Чуйков осознавал, насколько упал моральный дух вверенной ему армии. Тот же командир танкового корпуса сделал все от него зависящее, чтобы восстановить связь с командованием армии, когда его командный пункт на прежнем месте оказался под плотным артиллерийским огнем. Во многих частях не хватало людей и боевой техники. Под непрекращающимися немецкими авианалетами армия отступала к выжженным руинам города.

Чуйков раздумывал, как поступить, а в это время большая часть 62-й армии ощущала себя брошенной на произвол судьбы бесчувственным Верховным командованием. Александр Фортов и остатки его 112-й дивизии подвергались бомбежкам столь часто, что у солдат возникало ощущение, «будто немцы проложили дорогу над их головами». 13 сентября дивизия находилась на Мамаевом кургане в окопах, от которых оставалось всего несколько сотен метров до КП Чуйкова. «Когда мы прибыли в Сталинград, все было в огне, – рассказывает Фортов. – Мы были усталыми и голодными, но нас не ждали полевые кухни. Мы раздобыли кусок конины и стали варить из него суп. Нам было ясно, что в городе не создано должных оборонных сооружений: баррикады были смехотворными и не давали почти никакой защиты».

Последняя вещь, о которой Фортову и его людям хотелось бы услышать, это то, что новый командующий вводит драконовскую дисциплину. Фортов вспоминает: «Мы держались на Мамаевом кургане около недели и ощущали себя абсолютно потерянными. Наш дух невероятно упал. Мы не получали какого-либо обеспечения, и нам не хватало воды в условиях, когда каждый изнемогал от жары. Нам не выдавали новых снарядов, и всем было ясно, что в городе крайне мало войск. Когда мы услышали о прибытии Чуйкова на Мамаев курган, я послал солдата к его командному пункту. Этот солдат прибежал обратно и рассказал нам: «Я видел нашего нового генерала, расхаживавшего вокруг его убежища и размахивавшего палочкой [Чуйков пользовался тростью после автомобильной катастрофы, происшедшей ранее этим летом]. Неужели он собирается погнать нас в битву, как лошадей в упряжке?»

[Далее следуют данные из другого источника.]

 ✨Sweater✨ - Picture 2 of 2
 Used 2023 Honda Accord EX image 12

Перед Чуйковым стояла угроза быть непонятым армией, и он выбрал альтернативный вариант, проявив сочувствие к командиру танкового корпуса и простив его проступок, понимая, что тот сделал все от него зависящее в создавшихся обстоятельствах. Поступив так, Чуйков вызвал симпатию у солдат, однако происшедшее создавало опасный прецедент, который мог подвигнуть остальных офицеров под немецким натиском оставить город и отступить к дальнему берегу Волги. А если так поступят офицеры, то что заставит рядовых солдат оставаться в Сталинграде?

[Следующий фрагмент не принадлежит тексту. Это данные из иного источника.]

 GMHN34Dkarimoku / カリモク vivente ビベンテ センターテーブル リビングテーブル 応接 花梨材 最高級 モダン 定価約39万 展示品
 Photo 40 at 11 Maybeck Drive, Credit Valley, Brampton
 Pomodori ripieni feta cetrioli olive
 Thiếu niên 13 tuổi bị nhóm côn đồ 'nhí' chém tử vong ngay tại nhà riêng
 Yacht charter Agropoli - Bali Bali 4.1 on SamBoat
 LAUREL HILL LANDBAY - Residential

Чуйков столкнулся с почти неразрешимой дилеммой. Принимая окончательное решение, он видел напряжение на КП и волнение армейского штаба в ожидании действий нового командующего. В своих мемуарах Чуйков описывает, как он вызвал провинившегося генерала в свой блиндаж, приказал всем присутствующим оставаться на месте и спросил его:

«Как вы, советский генерал, будучи начальником боевого участка, будете смотреть на то, что ваши подчиненные командиры и штабы отойдут без вашего разрешения в тыл?»

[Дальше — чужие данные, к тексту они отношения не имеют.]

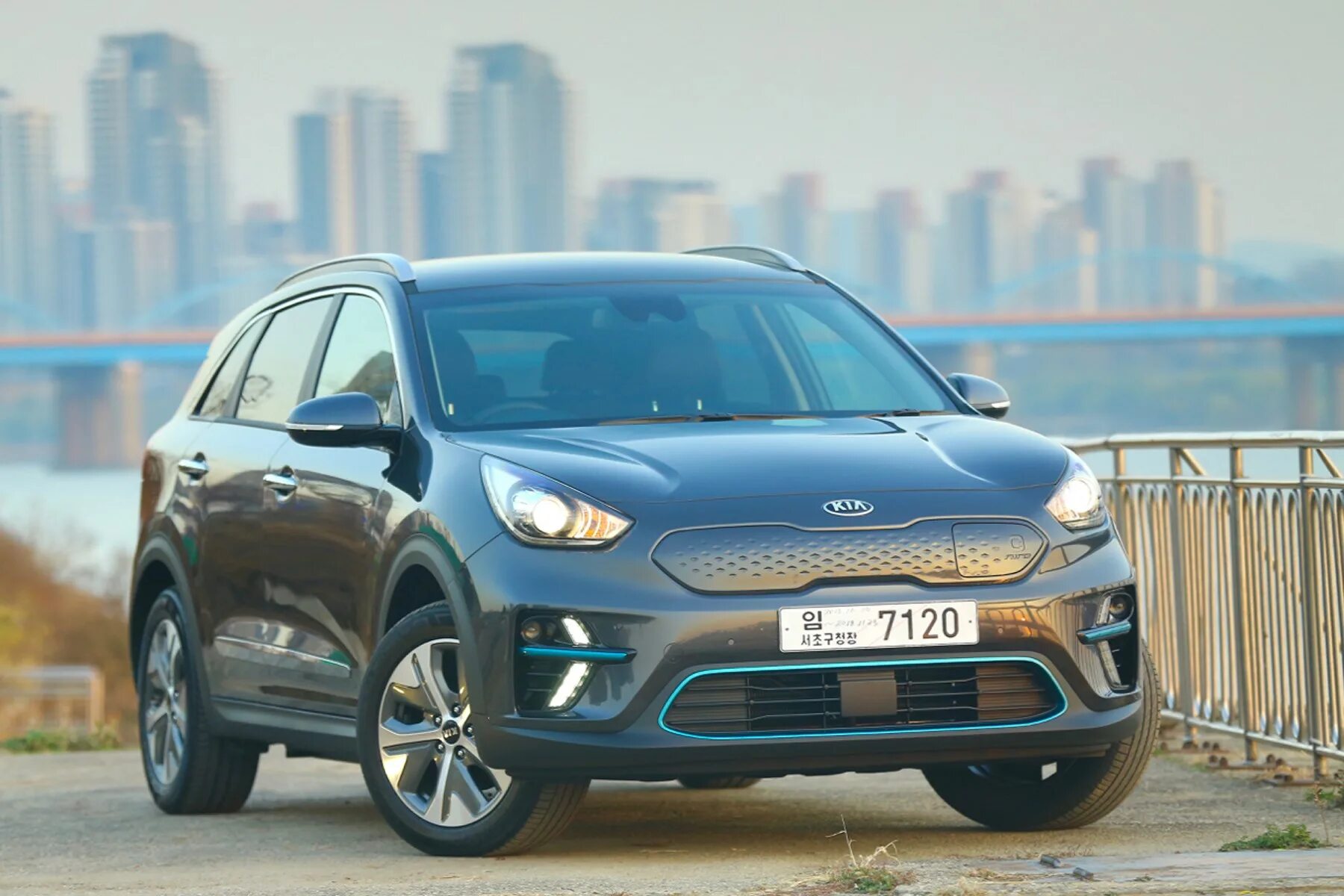 Киа е5 фото Kia E-Niro review: what makes this electric SUV so popular? CAR Magazine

На вопрос не последовало ответа. Чуйков предупредил, что повторение подобного в следующий раз он будет расценивать как дезертирство с поля боя, и приказал генералу вернуть командный пункт на исходную позицию.

Такое изложение событий выглядит слегка приглаженным: советские мемуары нередко грешат некоторой художественной переработкой событий, опускающей естественные человеческие переживания. Мережко вспоминает, сколь напряженной и мрачной была атмосфера в убежище в тот момент: никто не знал, чего ждать от нового командующего, а генералу хотелось оправдаться. Вокруг раздавались разрывы бомб, создавая ощущение, что враг приближается.

«Это был критический момент, – вспоминает Мережко. – Чуйков неожиданно указал на карту города и властно заговорил:

– Здесь мой КП, на этой стороне реки, в восьмистах метрах от немцев. Здесь позиция, которую займете вы – в пятистах метрах от немцев».